▶ Data for this task

- - -

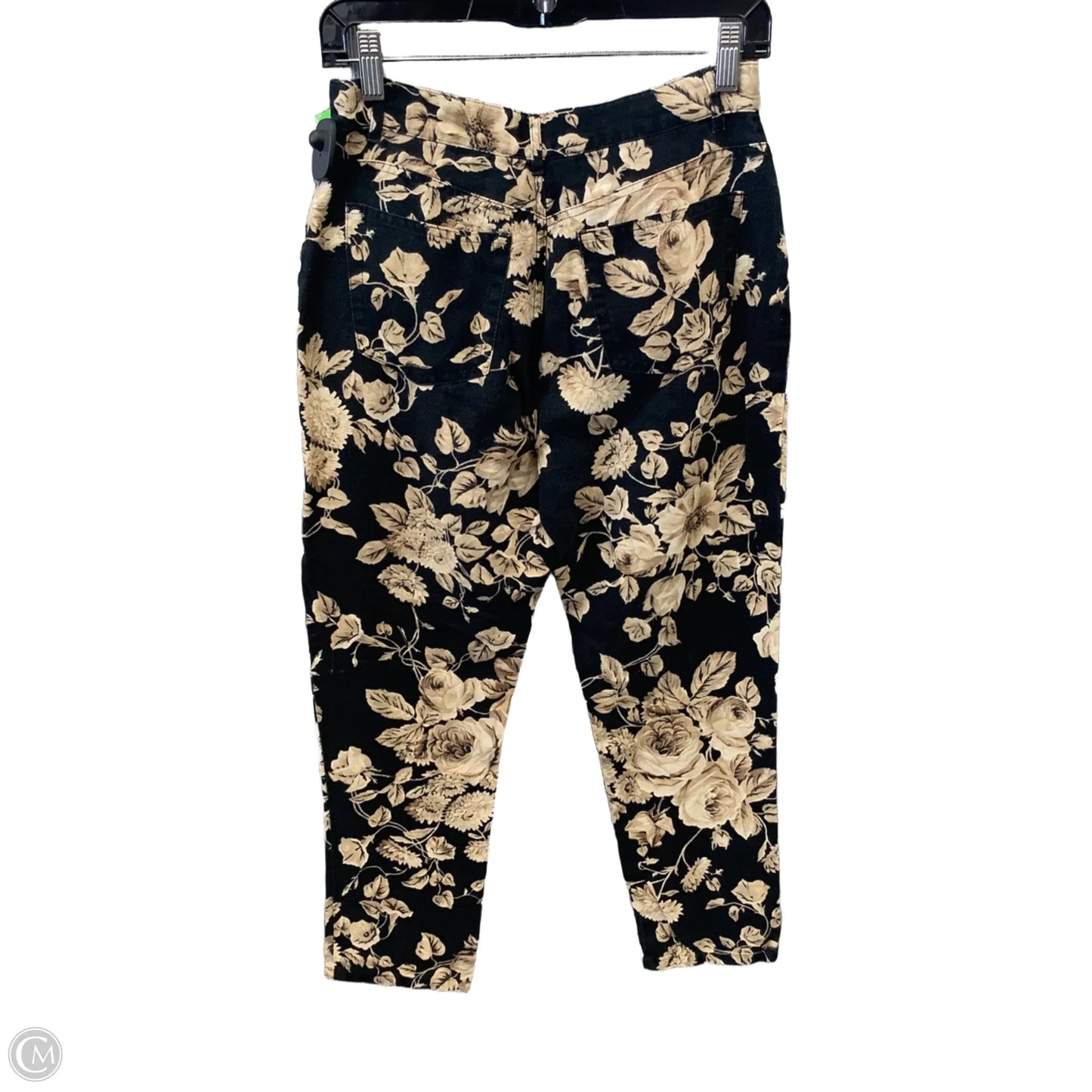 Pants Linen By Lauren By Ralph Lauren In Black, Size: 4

- - -

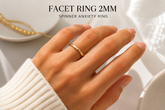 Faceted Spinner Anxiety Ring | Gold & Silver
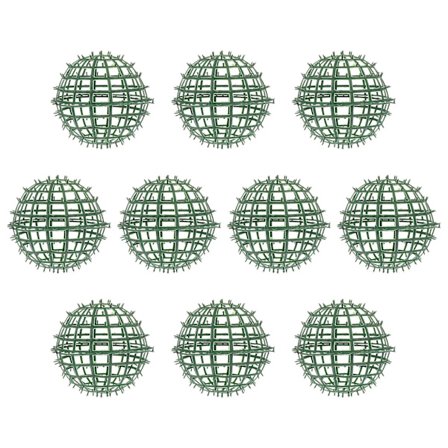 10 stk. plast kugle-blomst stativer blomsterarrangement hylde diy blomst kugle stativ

- - -

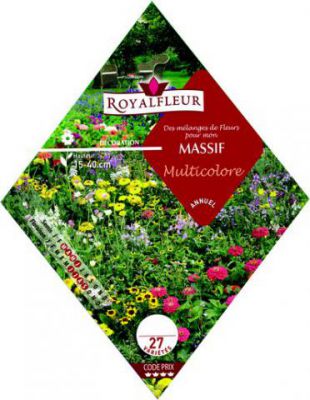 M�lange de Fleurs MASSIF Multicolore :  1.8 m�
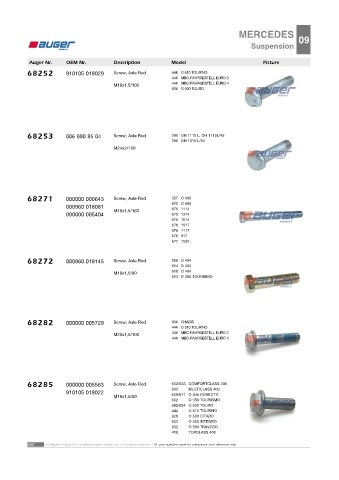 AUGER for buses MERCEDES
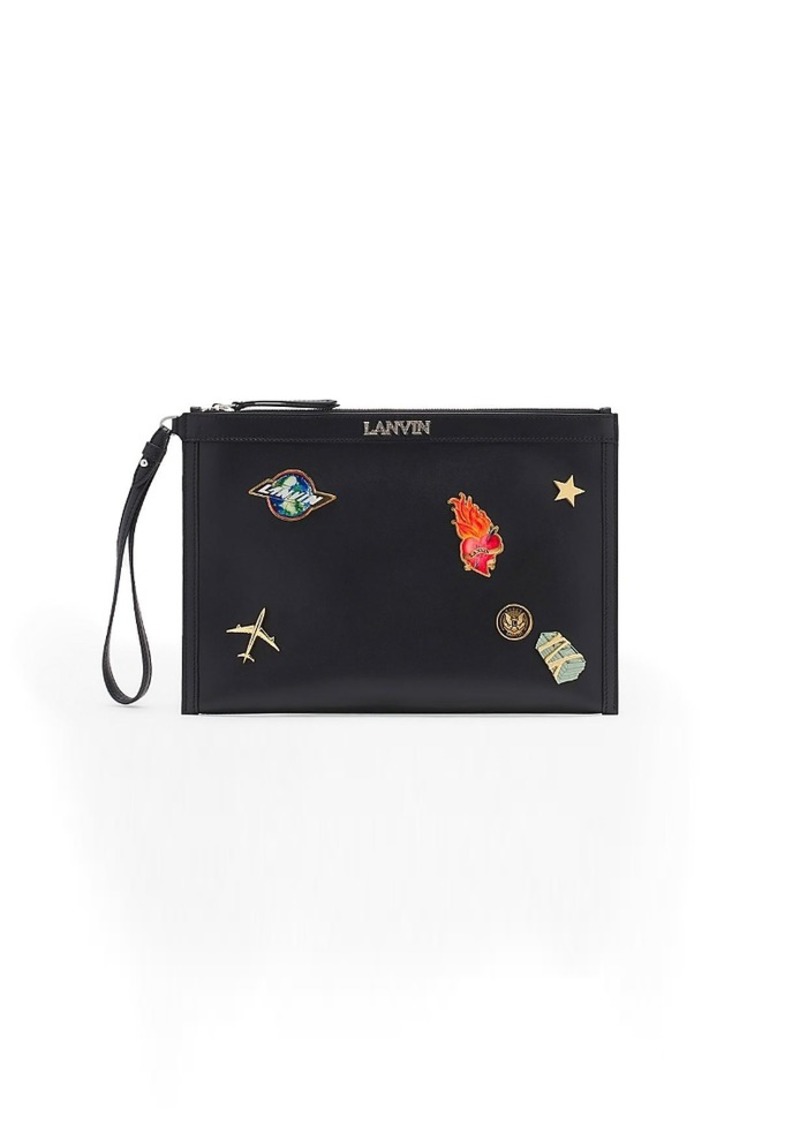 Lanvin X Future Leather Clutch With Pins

- - -

▶ Task to carry out
Using the material above, reproduce only the lines that run from the line with "M�lange de Fleurs" up to and including the line with "Lanvin X Future Leather Clutch With Pins", exactly, with the pictures dropped.

▶ Problem solution
 M�lange de Fleurs MASSIF Multicolore :  1.8 m�
 AUGER for buses MERCEDES
 Lanvin X Future Leather Clutch With Pins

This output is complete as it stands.